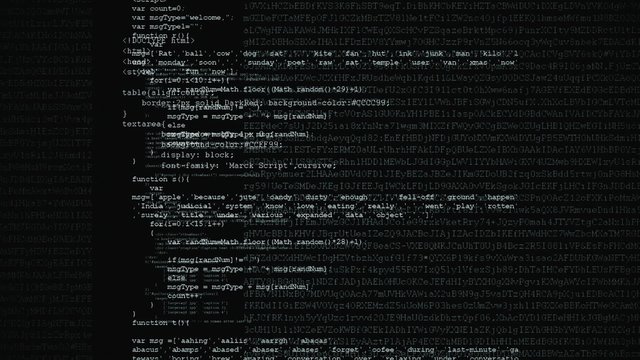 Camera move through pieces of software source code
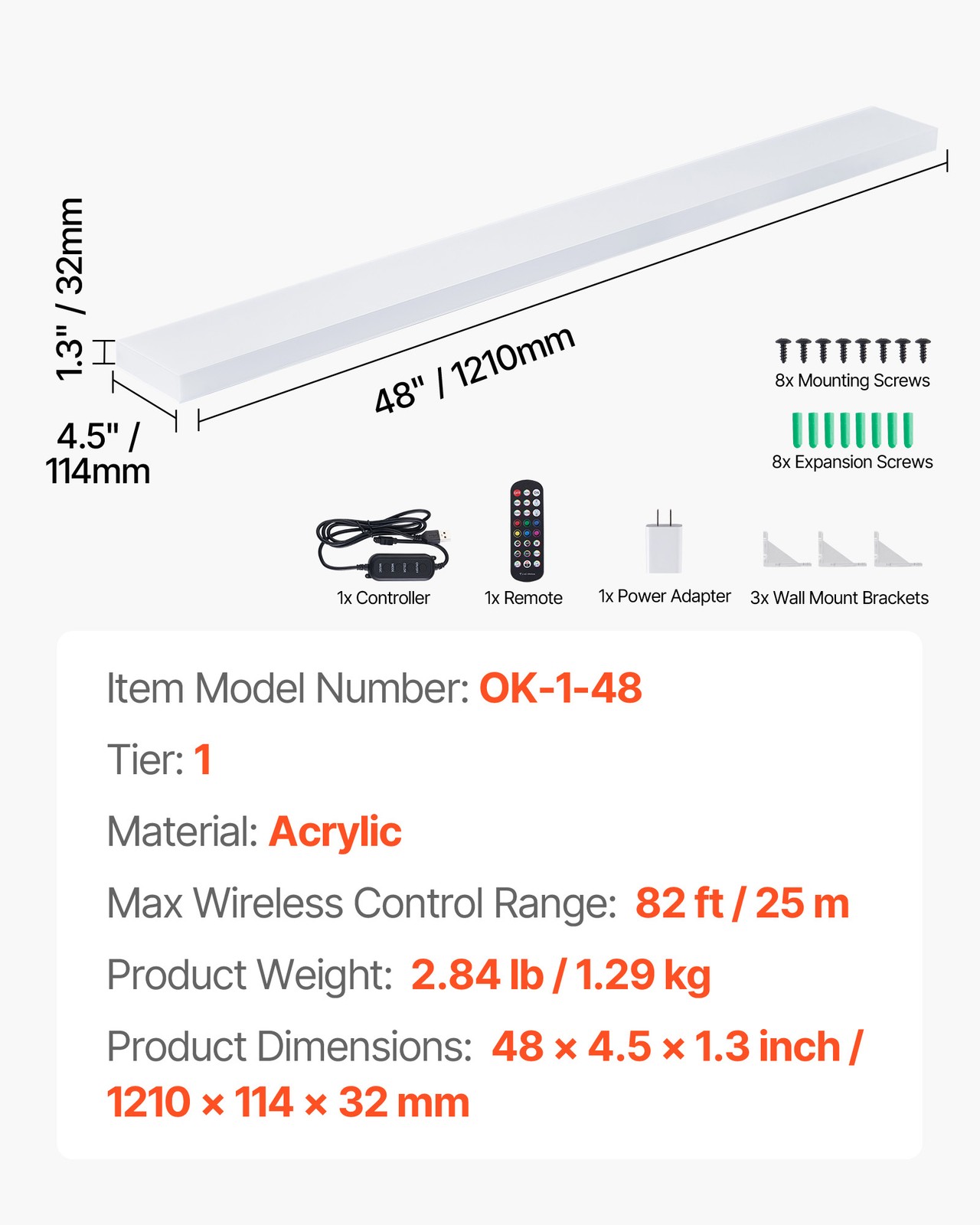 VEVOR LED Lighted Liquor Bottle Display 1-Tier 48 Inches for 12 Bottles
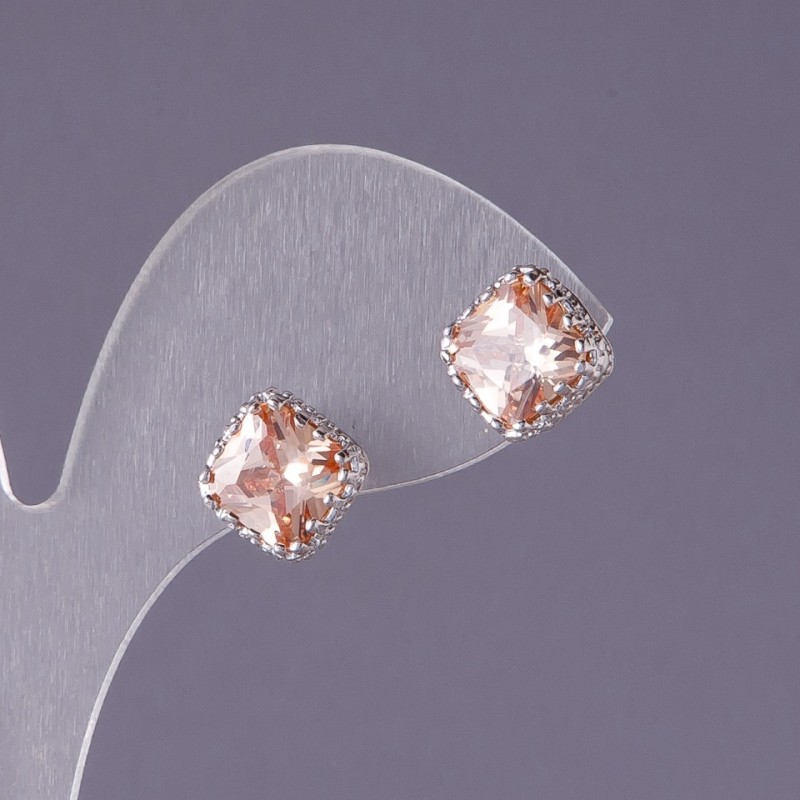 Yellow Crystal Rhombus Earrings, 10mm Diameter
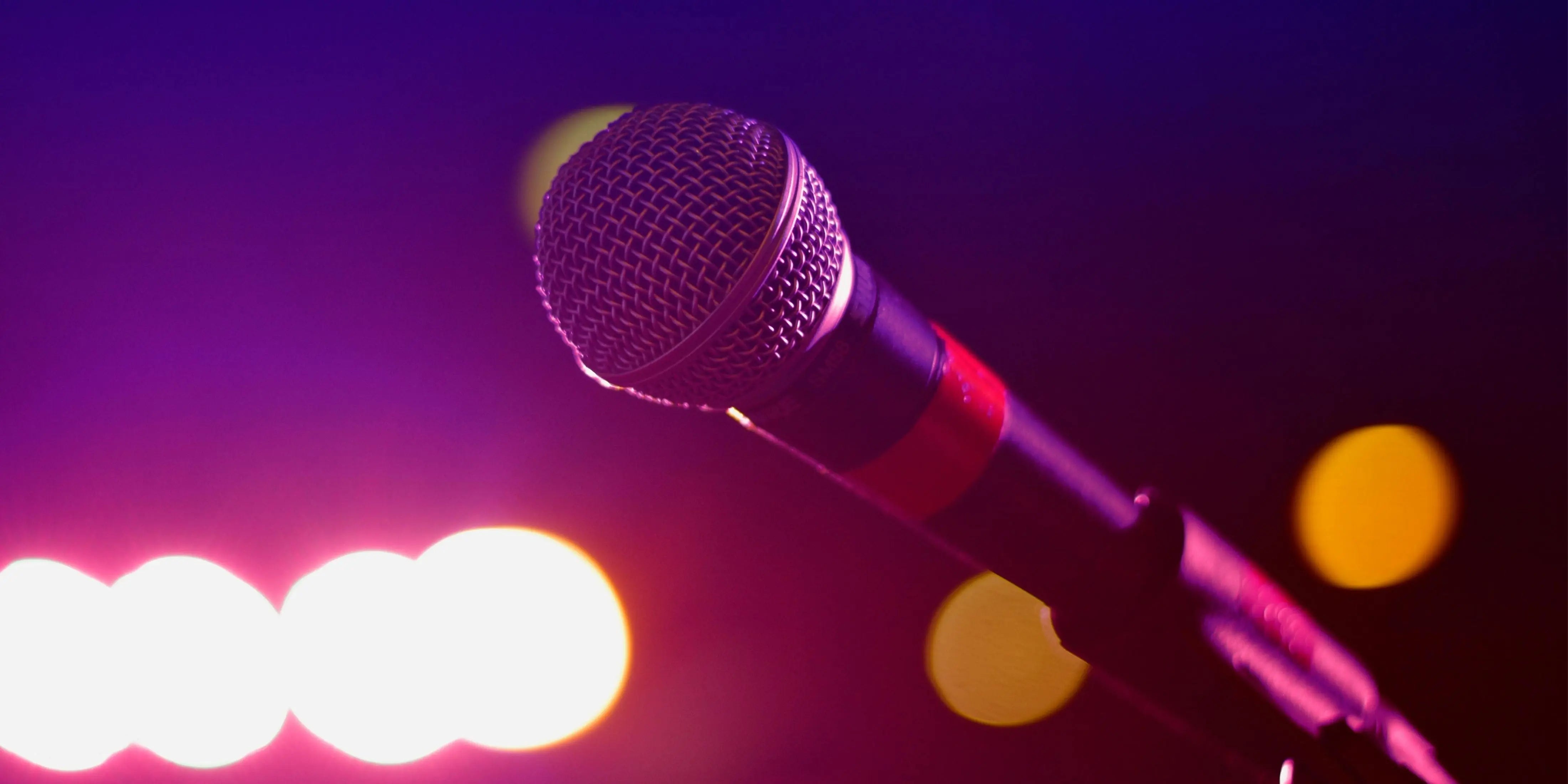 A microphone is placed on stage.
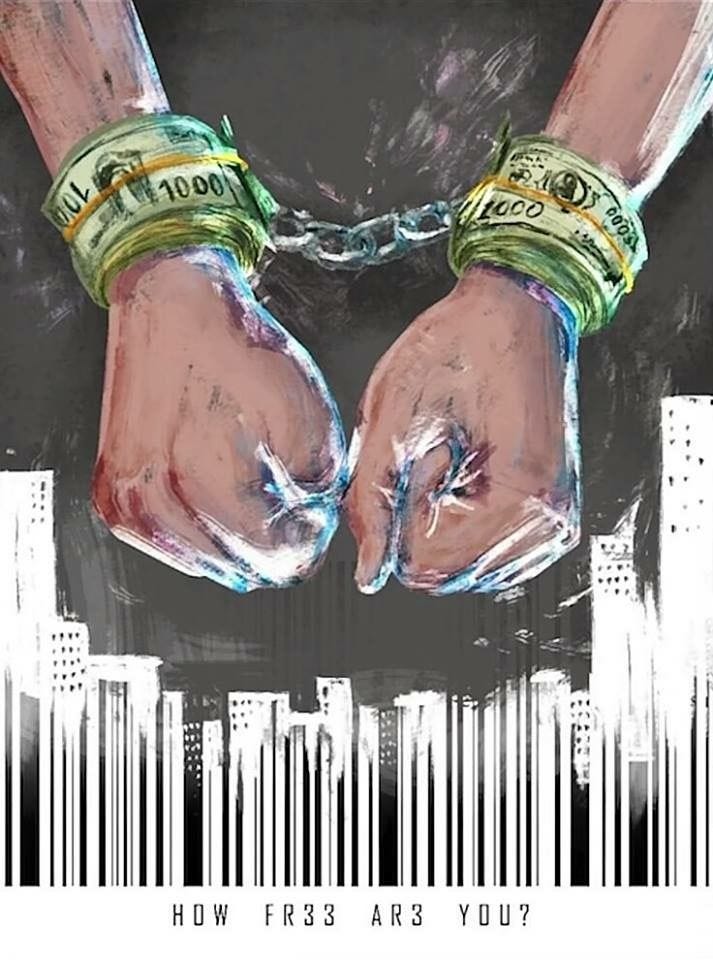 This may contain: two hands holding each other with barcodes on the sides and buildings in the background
....
### ACTIVITY:
Please output all of the data exactly as given, omitting any images it holds.

### RESULT FOR THIS EXERCISE:
 Camera move through pieces of software source code
 VEVOR LED Lighted Liquor Bottle Display 1-Tier 48 Inches for 12 Bottles
 Yellow Crystal Rhombus Earrings, 10mm Diameter
 A microphone is placed on stage.
 This may contain: two hands holding each other with barcodes on the sides and buildings in the background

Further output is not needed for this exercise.